*Try it*. Return all entries verbatim; skip any pictures.

*Extracted data*.
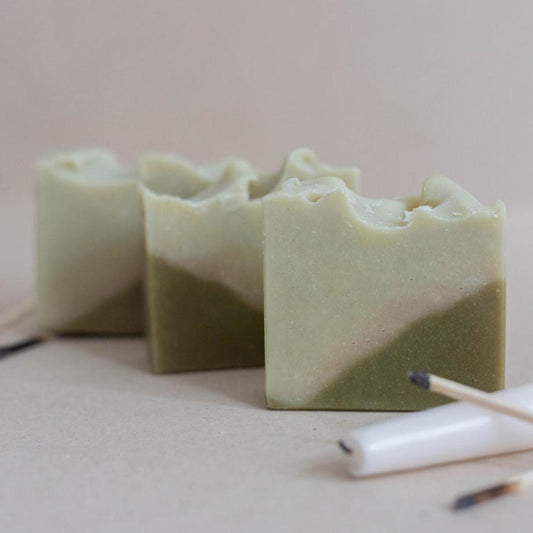 Three handmade, all-natural vegan bars of soap scented with a blend of lemon, lemongrass and rosemary essential oil. Designed with a green triangle base and soft green top.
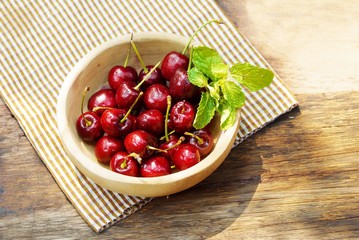 Red  cherry  on wooden bowl , fresh  fruit image for background  orwallpaper.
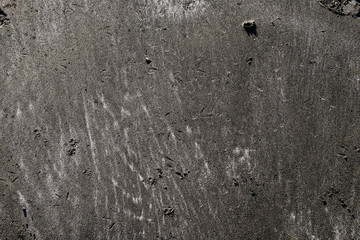 Black sand beach background and texture.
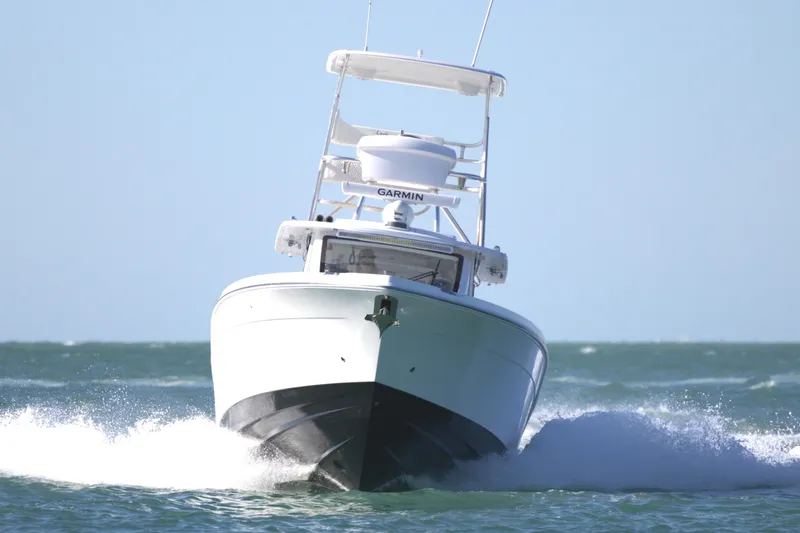 Slide: The Image of 2025 Century NAV4100 CC-H boat cruising on open water. - 6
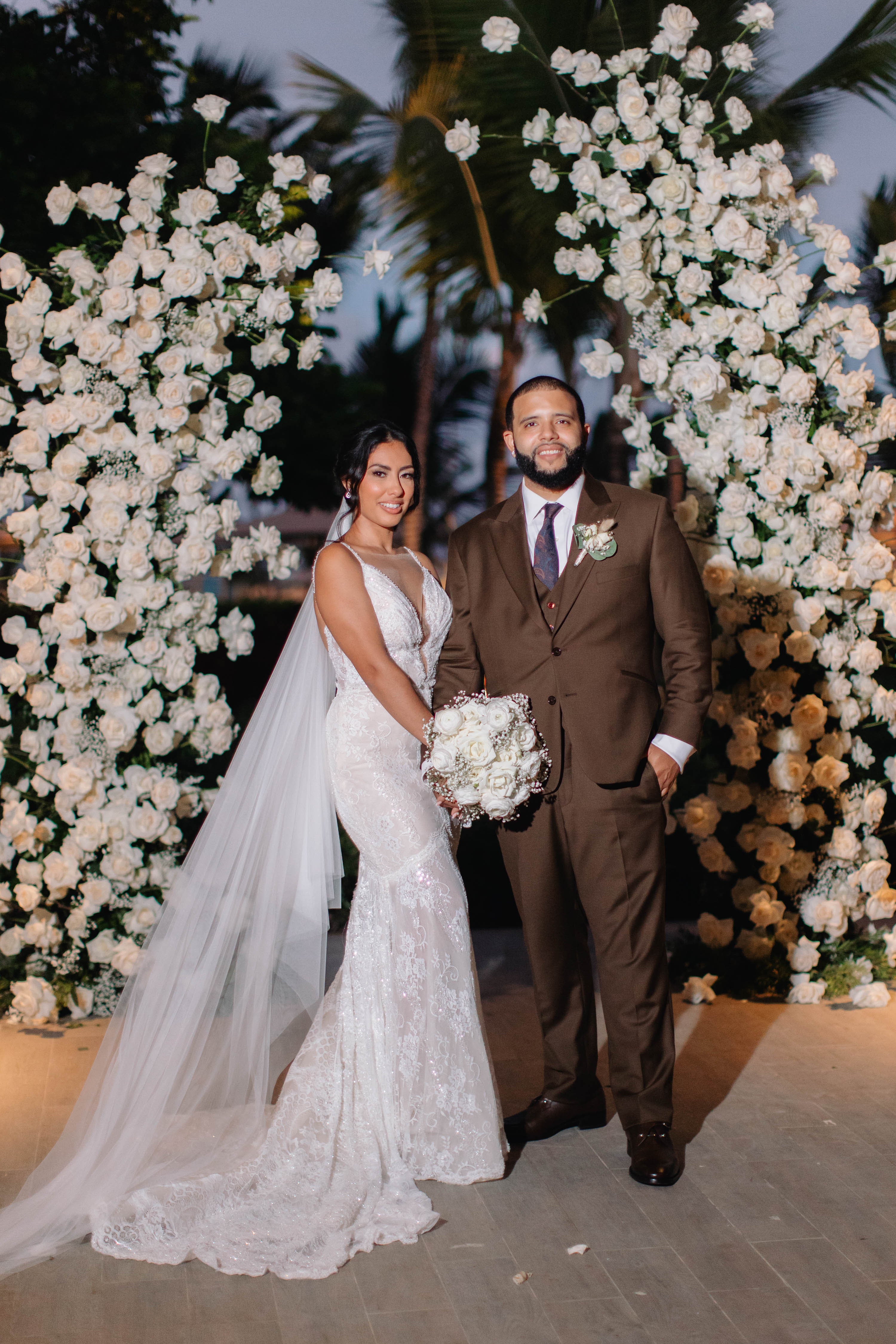 Wedding couple standing in front of a floral archway with white flowers. GL Bride Jennifer wearing our G-404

*Response box*.
 Three handmade, all-natural vegan bars of soap scented with a blend of lemon, lemongrass and rosemary essential oil. Designed with a green triangle base and soft green top.
 Red  cherry  on wooden bowl , fresh  fruit image for background  orwallpaper.
 Black sand beach background and texture.
 Slide: The Image of 2025 Century NAV4100 CC-H boat cruising on open water. - 6
 Wedding couple standing in front of a floral archway with white flowers. GL Bride Jennifer wearing our G-404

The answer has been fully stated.